Amazingly, I really haven't had too many problems like that on the bike. I guess it's because I'm constantly drinking water on the bike. There's also the effect of the 'apparent wind' to help keep one cooler than if standing still. But I always watch out for the ones on long rides who are running out of water.
The worst problem I have had in recent memory was on a 4th of July ride from Wally's house one year. We were quite a ways into the ride and Dave L. ran out of water (and was having real difficulty). I still had most of a water bottle left, so I gave him half of what I had left. I won't say that was a mistake - 'cause he really needed it - but it ended up being a lot further to the next place we could get water than any of us had realized. By the time I got there, I'd been out of water for several miles and was suffering. Dave had perked back up after I'd given him some of mine, but was out again at that point, too. Even though we both got plenty of water at that stop, I don't think either of us really recovered all that much from that. It's always harder to rehydrate than to stay hydrated in the first place.
So I guess you've figured out the point of this post. Folks, it's hot out there these days, and I mean all over the country. Even if you aren't involved in athletic activity (but especially if you are), DRINK enough water and/or sports-drink to keep yourself out of trouble when you are out in the heat, 'kay? And avoid alcohol and caffeine (yes, I said caffeine) if at all possible, as they affect your body's ability to regulate temperature and shed heat properly.
Do it for me, do it for you.
Wednesday, August 02, 2006
I'm going to try massaging the site over there for another few days, but if they don't get their act together, or at least go back to a 'if it ain't broke, don't fix it' standard of operation (I wish they'd go back to something that was at least mostly functional), I may just see how hard it is to migrate my old posts over here.
OK, so, I went to my bike club meeting tonight, though I likely would have blown it off if I could have. Does that sound bad? Yeah? No? Hmm. So, why did I go at all, huh? Well, turns out that I'm the VP this year, and I got a note yesterday from the Pres. (Philippe) saying he couldn't be there at could I cover for him. Well, that kinda is my job, I suppose, so I went and officiated over the meeting.
So, why would I have blown it off (even though I missed last month's meeting)? Well, it's like this. Mrs. Guy leaves for Orlando again tomorrow afternoon. She won't be back again until next Friday.
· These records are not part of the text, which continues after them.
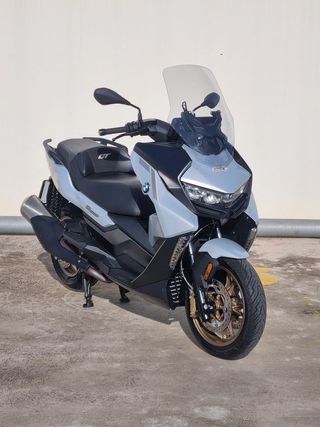 BMW C 400 GT 2025 - Último Modelo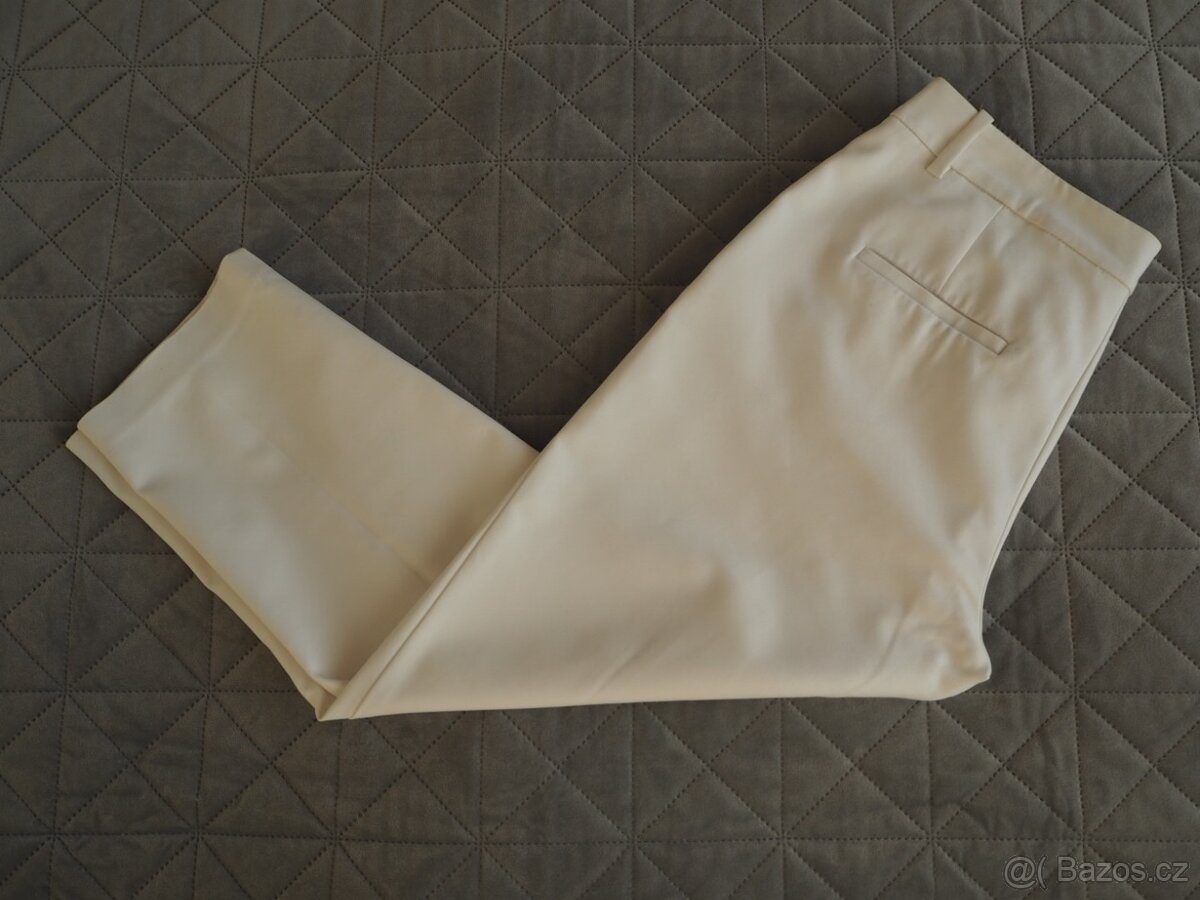 Dámské 3/4 kalhoty zn. Promod - 6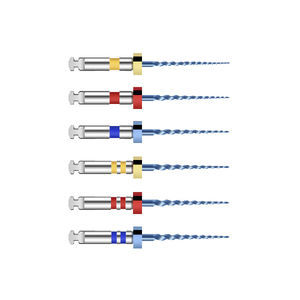 Endodontische Feile / Rotation 1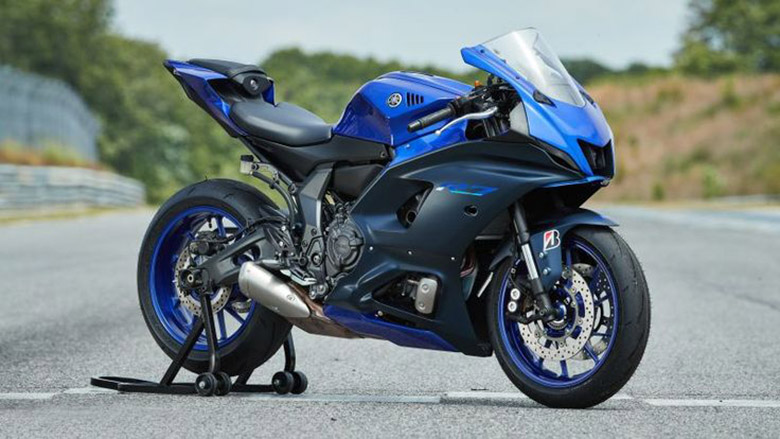 2022 YZF-R7 Yamaha Sports Motorcycle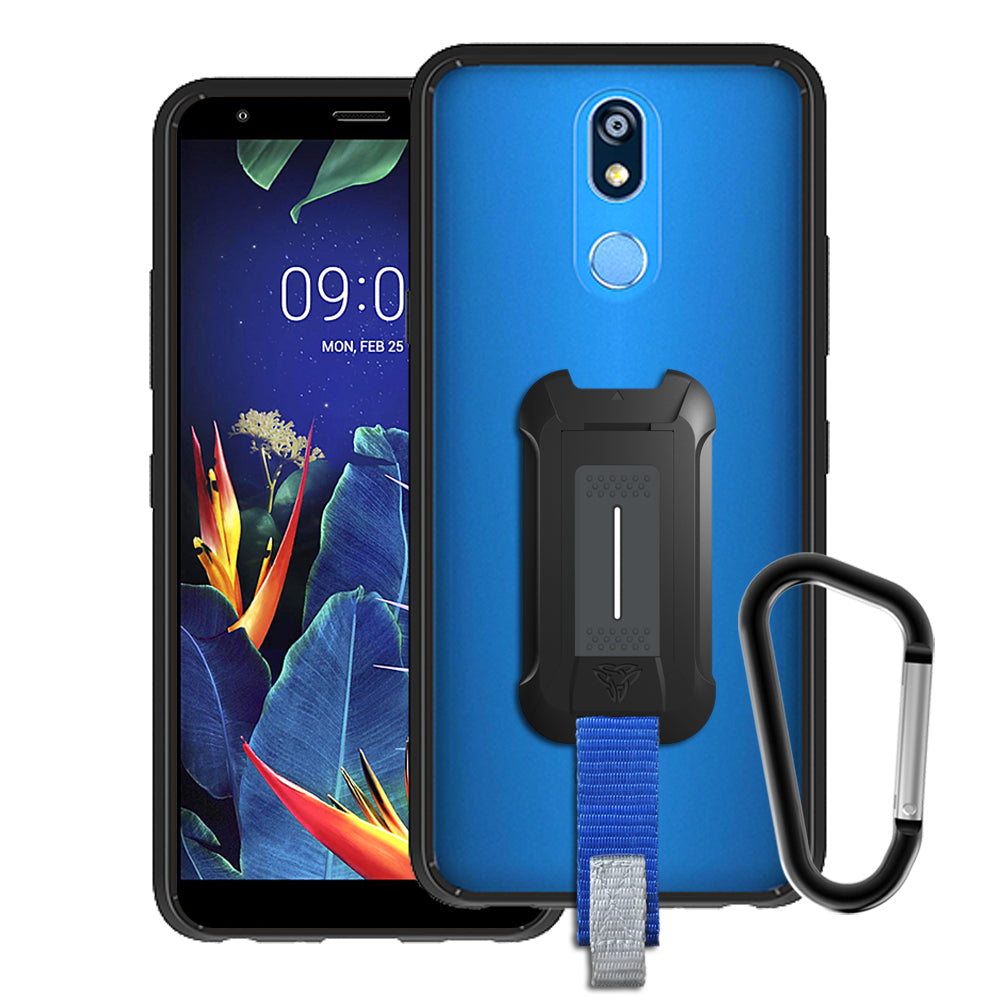 Flip Cover Lg K40 Custom Case BX3-LG19-K40 LG K40 Shockproof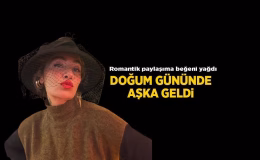 Güncel Haberler: Sıla’nın sevgilisi İlker Kaleli doğum gününde aşkını ilan etti! ‘Hayatımın en güzel şarkısı’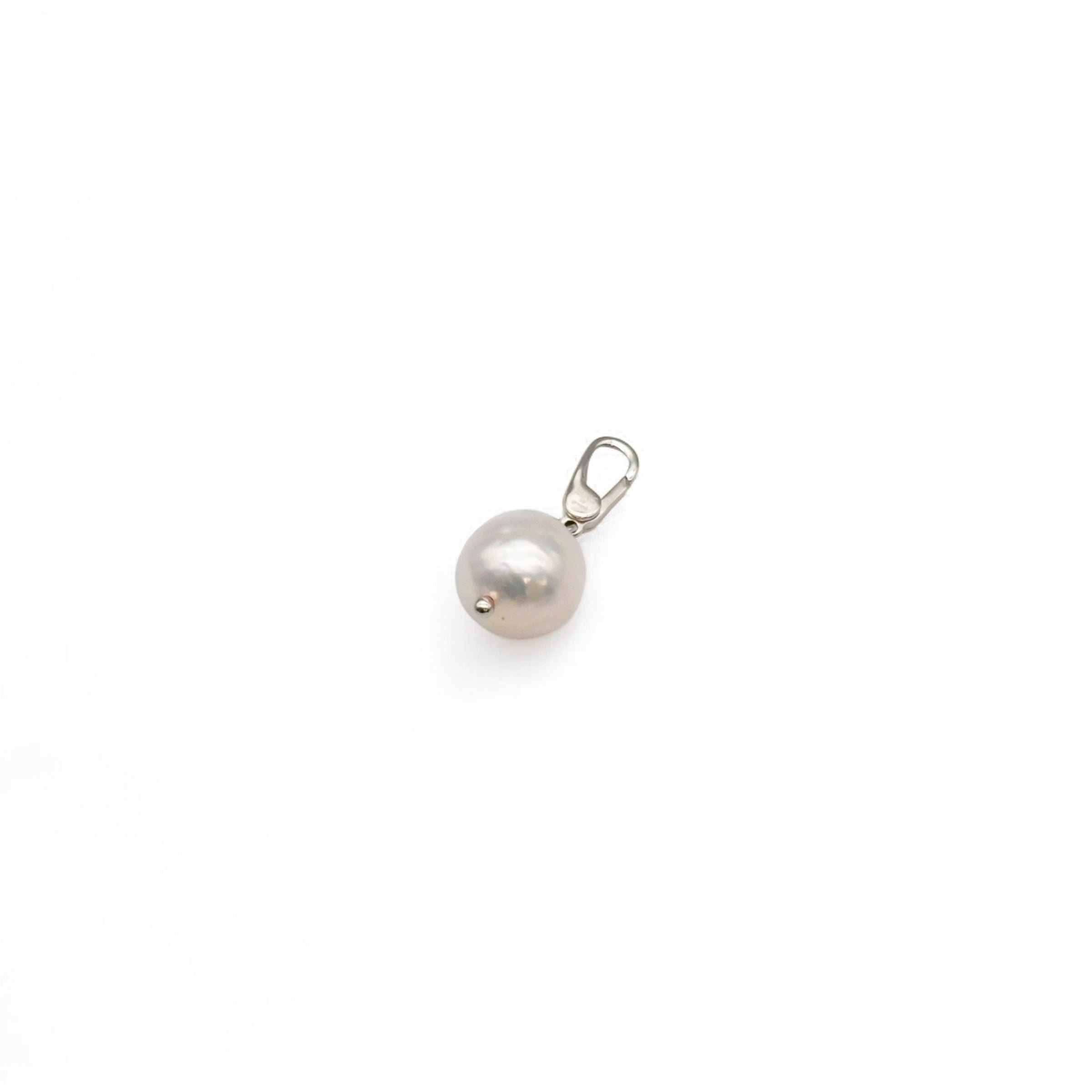 Einswan Pearl White Charm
However, I leave on Thursday evening to do a three-day bike tour of the Blue Ridge Parkway. I won't get back until Sunday, and Mrs. Guy leaves again (I think) on that following Monday. Basically, I was getting a lot of grief from Mrs. Guy for even going tonight, but I felt that at least one of us (Philippe or me) should be there.
I will say that I ended up leaving before the meeting was entirely over, though. I got through all of the agenda items at least, but I ducked out after opening the floor to open discussion. I hope nothing weird got decided and voted on after I left (like, say, my house will end up being the ride destination for the Labor Day Ride or something). I guess I'll find out eventually.
And no, Wally, you get the Labor Day Ride at your house. Done deal, 'nuff said, and all that.